Berühmt ist die Wartburg nicht etwa, weil Luther sich hier so wohl fühlte. Im Gegenteil, er musste sich verstecken und sich seiner Tarnung wegen einen Bart stehen und seine Tonsur, den für Mönche sinnbildlichen Haarkreis, zuwachsen lassen. Aus reiner Langweile fing er an, die Bibel in ein allgemein verständliches Deutsch zu übersetzen. Nach nur zehn Wochen war er fertig und packte sofort seine Sachen. Am 1. März 1522 verließ Luther die Wartburg wieder – und kehrte auch nie wieder zu ihr zurück.
4. Luther und der Buchdruck
Falsch: Luthers Bibel war das erste gedruckte Buch der Welt
Richtig: Vor der Luther-Bibel gab es bereits 18 gedruckte Bibelübersetzungen
Johannes Gutenberg erfand um das Jahr 1440 herum den Buchdruck. Basierend auf seiner Idee, mit einzelnen beweglichen Buchstaben eine Druckvorlage zusammenzusetzen, wurde 1466 das erste gedruckte Buch der Welt herausgegeben: Die Bibel. Allerdings war dies nicht die Luthersche Übersetzung. Bevor Luther seine 1522 fertig gewordene Bibelübersetzung vervielfältigen ließ, hatten dies bereits 18 andere Übersetzer getan. 14 Bibel auf Hochdeutsch und vier in Niederdeutsch wurden gedruckt, bis Luther überhaupt mit seiner neuen Übersetzung begonnen hatte.
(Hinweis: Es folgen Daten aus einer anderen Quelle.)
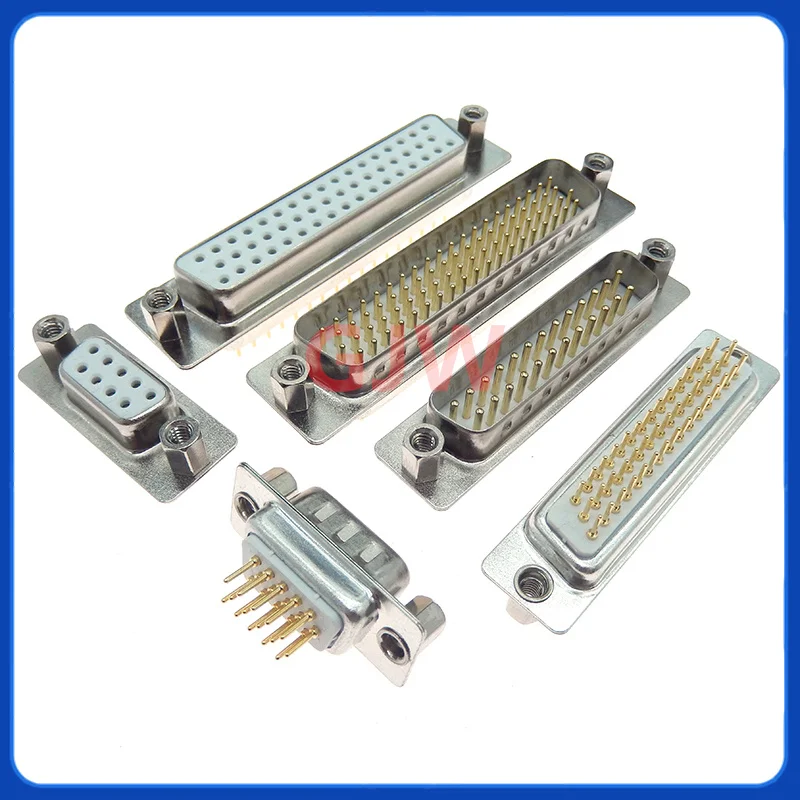 1PCS Gold Plated 3U…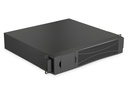 DIGITUS Externes Batteriepack für 3 kVA USV-Modelle (Erweiterungsmodul)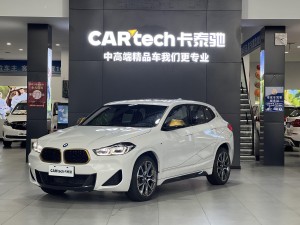 BMW X2 2023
5. Luther und der Weihnachtsbaum
Falsch: Luther hat den Weihnachtsbaum eingeführt
Richtig: Der Brauch, eine Tanne zu Weihnachten aufzustellen, wurde fast 60 Jahre nach Luthers Tod das erste Mal dokumentiert
Der Maler und Kupferstecher Carl August Schwerdgeburth schuf 1856 ein Bild mit dem Titel „Dr. Martin Luther im Kreise seiner Familie zu Wittenberg am Christabend 1536". Darauf zu sehen ist Luther mit seiner Familie unter einem Weihnachtsbaum. Dieses Bild ist Grundlage der weit verbreiteten Annahme, Luther hätte den Brauch des Weihnachtsbaumes eingeführt. Tatsächlich sind jedoch erst 1605, 59 Jahre nach Luthers Tod, erste Aufzeichnungen über die Aufstellung eines Weihnachtsbaumes im Elsass zu finden. Der Maler hatte den Weihnachtsbaum wahrscheinlich in sein Werk mit aufgenommen, um ein ideal typisches Bild einer bürgerlichen Familie zu schaffen.